When David Potter walks out of the Psion offices behind London's Oxford Street next summer, he will, most likely, be surrounded by people using a technology he dreamed of nearly 20 years ago. In fact, if the analysts and observers of this industry have any foresight at all, this South African-academic-cum-business guru could put a little bit of his dream in the palms of up to a billion people worldwide.
It was Potter who came up with the idea of bringing together telecoms technology companies to form the Symbian group, a consortium made up of Ericsson, Nokia and Motorola -- to name but a few. Its aim: to create a standard for mobile wireless operating systems and to enable a mass market for Wireless Information Devices. But it has been a slow process and only now, as we enter the spring of 2000, are we starting to see the first Symbian devices trickle out of technology shows and exhibitions.
And while much has been written about Potter's future -- Bill Gates penned in a memo that the Psion chief, because of his role in Symbian, was the greatest threat to the Microsoft empire -- this is not a man with his head in the clouds.
"Symbian and the devices it will run on will change the way people communicate and interact in a very fundamental way... That's very exciting to me," says Potter, who is sitting opposite looking relaxed and tanned after his yearly pilgrimage to the Bahamas.
Indeed, since Potter "wandered around the city looking for funding" for his first computer project nearly 20 years ago, he's been excited a few times. "Of course, our first organisers -- simple 8-bit technology -- were very interesting, and you would be amazed at how many Japanese companies copied, very closely, what we did."
But it is Symbian, made up of the incumbent players in the telecoms technology arena, that gives Potter a buzz these days. In a style typically his own, Potter describes why this 10-year-old venture, still fires the passion that started it all off. "First of all, you need to understand Metcalfe's Law. It states that the value of a network to the user goes to the square of the number of users on the network. So if you're the first guy on the network, it's not much use, but if there is 100 or 1,000, or soon to be a billion... Isn't that amazing? Metcalfe's Law is very important.

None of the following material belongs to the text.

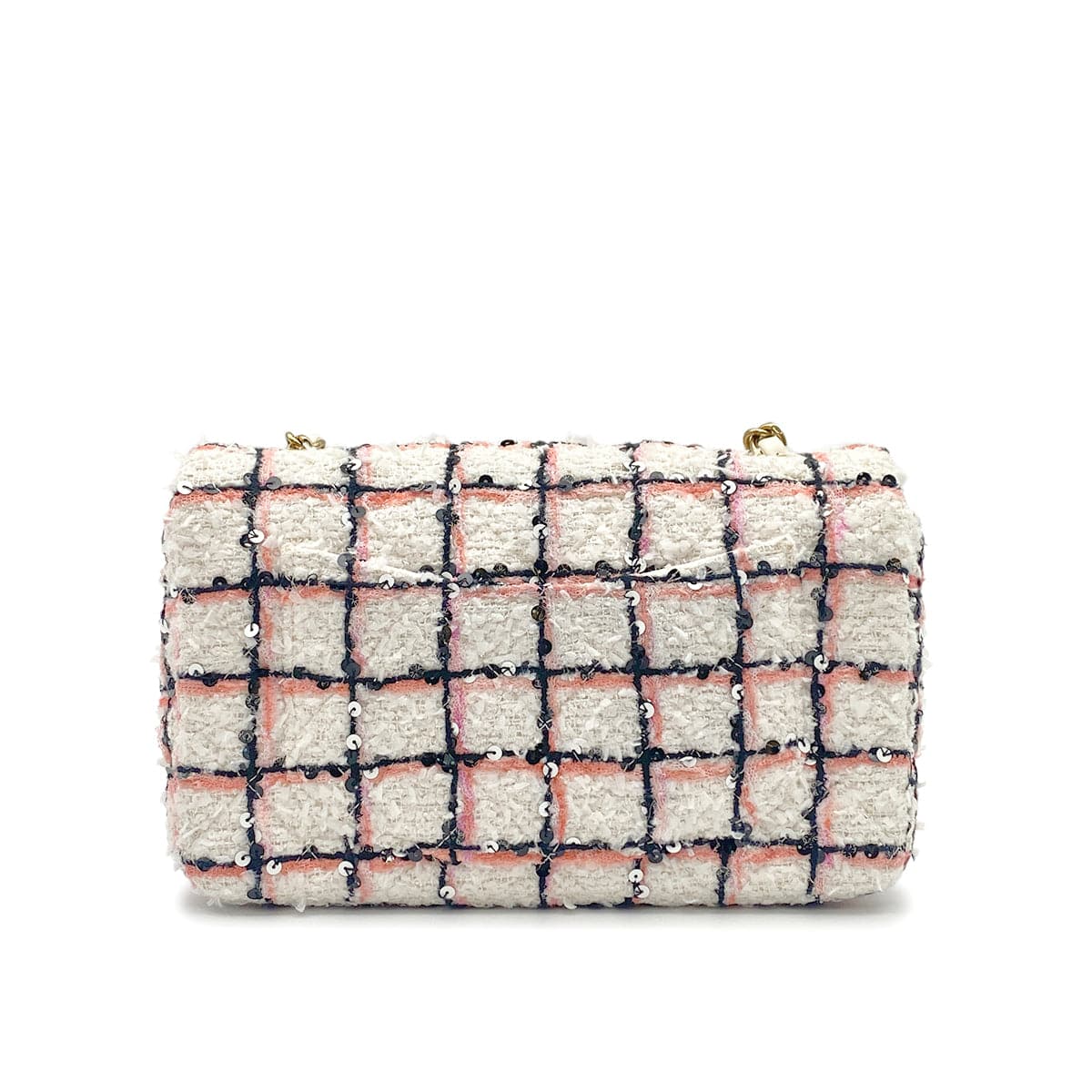 Luxury Promise Japan CHANEL MINI MATELASSE TWEED SEQUINS CHAIN SHOULDER BAG WHITE PINK BLACK GOLD HARDWARE 90325331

"What we are talking about here in Symbian's case is a network, with some elements missing as yet, but some of the major parts are there, like the network operators," he continues. "Take the mobile voice phone environment -- there are some 400 million users in the world and by 2003 that will stand at a billion users.
"What we're trying to do with Symbian is connect all of those users to the Internet through WAP, small browsers and a whole lot of other technology. And, of course, we are not involved in all of those areas. No one company is going to control all of that, including the mighty Bill. He's not going to control infrastructure of communications and information, which is absolutely massive."
Here lies the difference between the approach Potter champions and his rivals. He is not interested in controlling the whole party. Allies will take care of the parts Symbian wasn't designed for. But let's be clear, Potter knows that Symbian will work, and he's also aware that when he does wander onto Oxford Street in the summer of 2001, all those Wireless Information Devices the teeming crowds will be using, will be running on Symbian.
So let's reiterate: one billion mobile users by 2003. And most analysts predict they will be running on Symbian.
"Yes," confirms Potter, "it is a special position to be in, I suppose. As I said, it's very exciting."